- [Task]
With the pictures excluded, output only the lines from the one containing "Set of clear" through the last line of the entries, unchanged.

- [Record extracts]
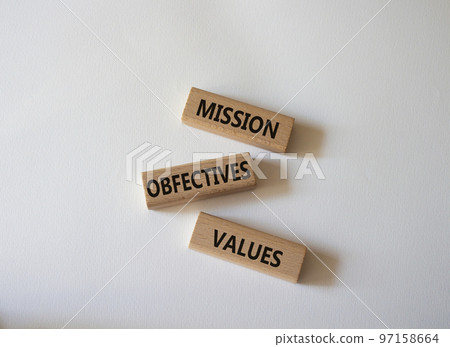 Mission Objectives Values symbol. Concept words Mission Objectives Values on wooden blocks. Beautiful white background. Business and Mission Objectives Values concept. Copy space 97158664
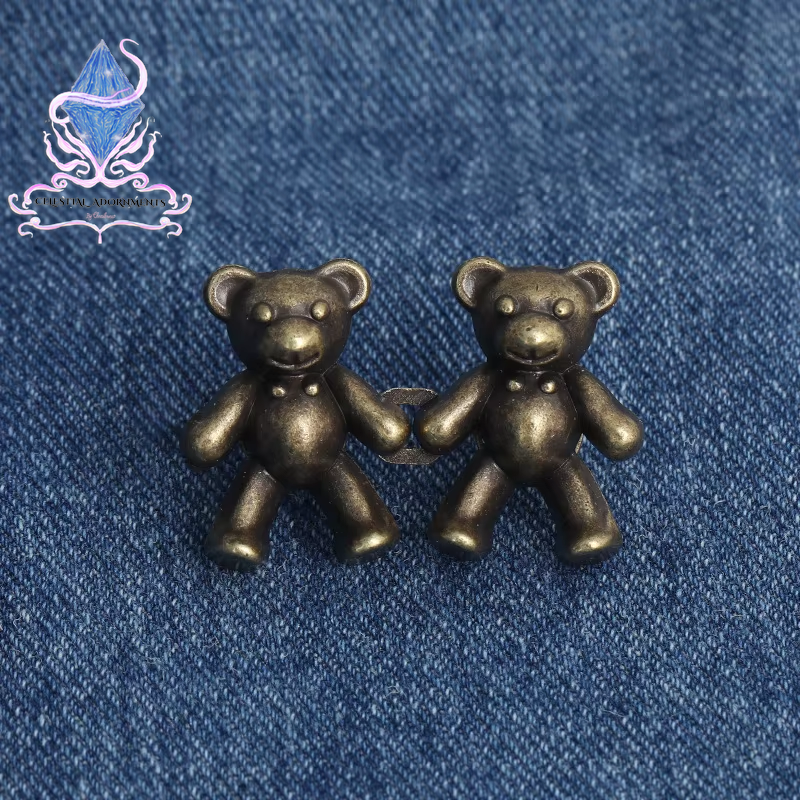 "Bear-ly Fit: Adjustable Jean Button Pins 🐻👖" Instantly tighten your jeans with these adorable bear-shaped button pins—no sewing required! Perfect for a cute, quick fix. ✨💖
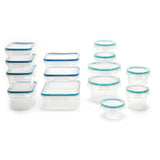 Set of clear food storage containers with blue lids on a white background
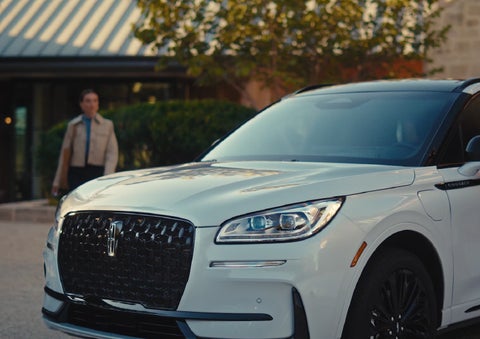 A person approaches a 2026 Lincoln Corsair® SUV as the Lincoln Embrace light sequence takes place. | Libertyville Lincoln Sales, Inc. in Libertyville IL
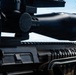 Close-up photograph of a tactical rifle platform with a large optical scope mounted on a Picatinny rail system. The image shows detailed markings on the upper rail and various accessories attached to the firearm. The shot is taken from a low angle against a partly cloudy sky background.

- [Result]
 Set of clear food storage containers with blue lids on a white background
 A person approaches a 2026 Lincoln Corsair® SUV as the Lincoln Embrace light sequence takes place. | Libertyville Lincoln Sales, Inc. in Libertyville IL
 Close-up photograph of a tactical rifle platform with a large optical scope mounted on a Picatinny rail system. The image shows detailed markings on the upper rail and various accessories attached to the firearm. The shot is taken from a low angle against a partly cloudy sky background.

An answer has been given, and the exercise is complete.